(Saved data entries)
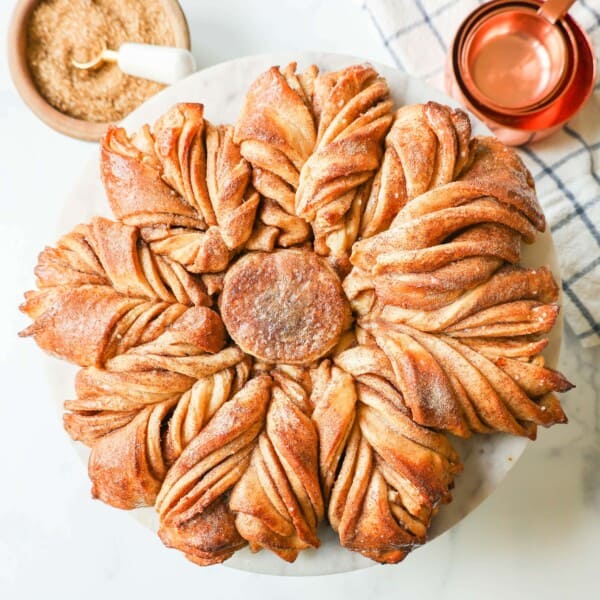 This Star Bread is a pull-apart bread that is perfectly soft and fluffy and filled with your favorite fillings. This is a Cinnamon Sugar Star Bread with layers of butter, cinnamon, and sugar, and shaped into a beautiful star.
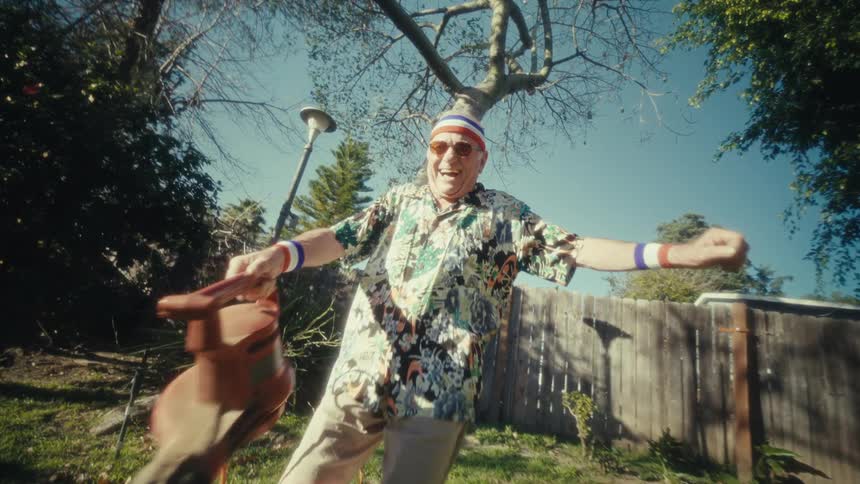 Elderly man wearing a sports headband dances on the lawn while holding a leaf blower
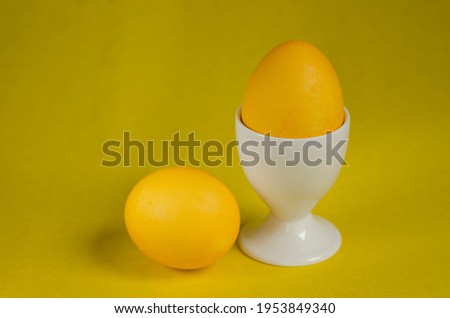 Postcard for Easter. Still life. Golden fabulous egg. Yellow egg. Yellow background. Minimalism. Monochrome. Close-up. With copy space for text. Horizontal format.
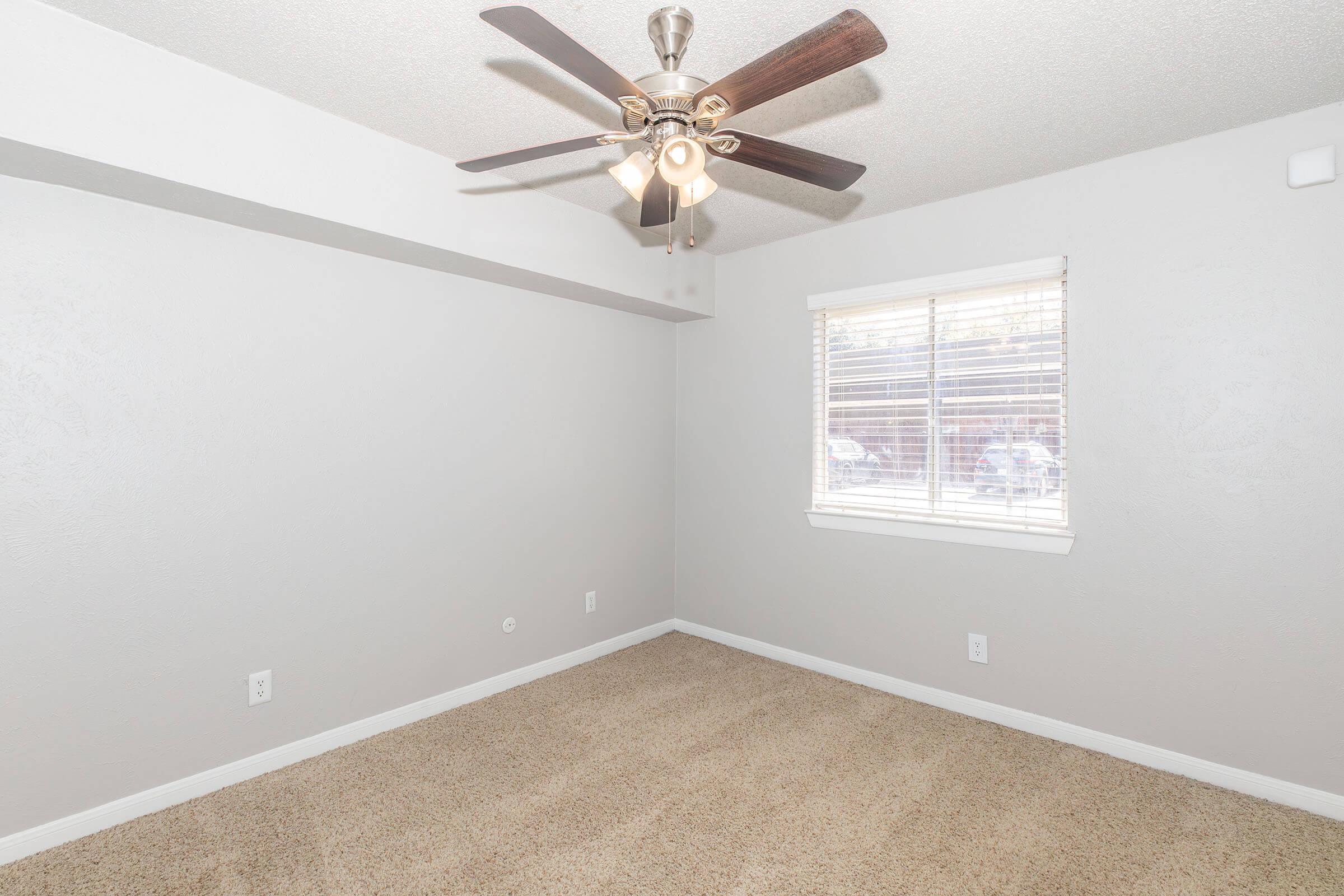 A well-lit, empty room featuring a light ceiling fan and a window with blinds. The walls are painted a light gray, and the floor is covered with beige carpet. The room is spacious with minimal furnishings, providing a blank canvas for decoration or use.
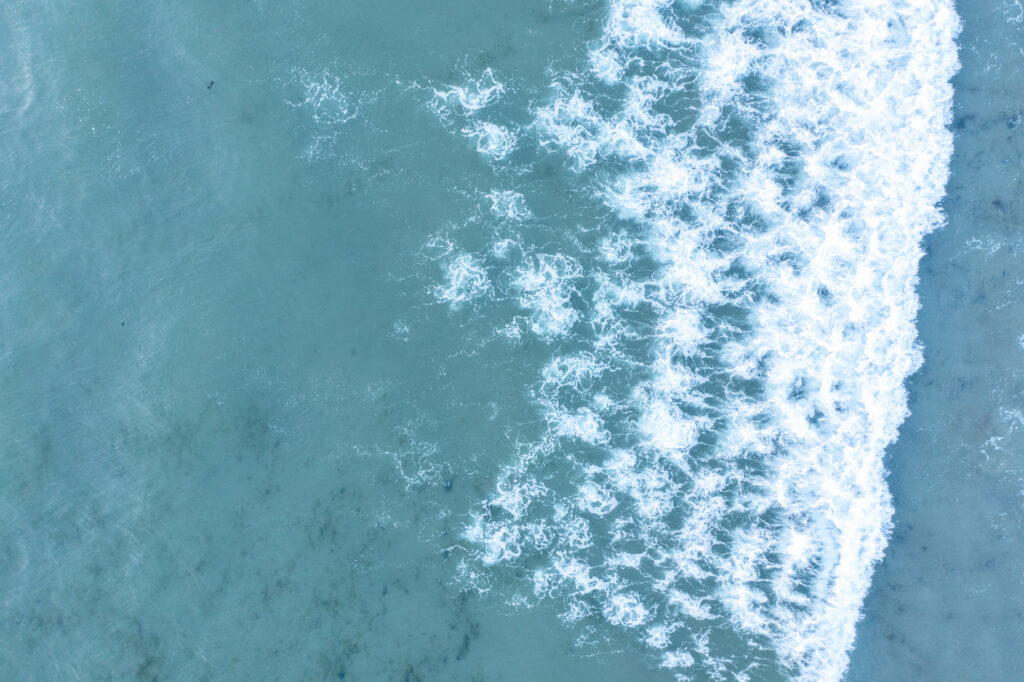 Aerial view of turquoise ocean waves breaking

AIM OF THE EXERCISE:
Now transcribe all the entries above exactly, so that no picture is carried over.

EXERCISE OUTPUT:
 This Star Bread is a pull-apart bread that is perfectly soft and fluffy and filled with your favorite fillings. This is a Cinnamon Sugar Star Bread with layers of butter, cinnamon, and sugar, and shaped into a beautiful star.
 Elderly man wearing a sports headband dances on the lawn while holding a leaf blower
 Postcard for Easter. Still life. Golden fabulous egg. Yellow egg. Yellow background. Minimalism. Monochrome. Close-up. With copy space for text. Horizontal format.
 A well-lit, empty room featuring a light ceiling fan and a window with blinds. The walls are painted a light gray, and the floor is covered with beige carpet. The room is spacious with minimal furnishings, providing a blank canvas for decoration or use.
 Aerial view of turquoise ocean waves breaking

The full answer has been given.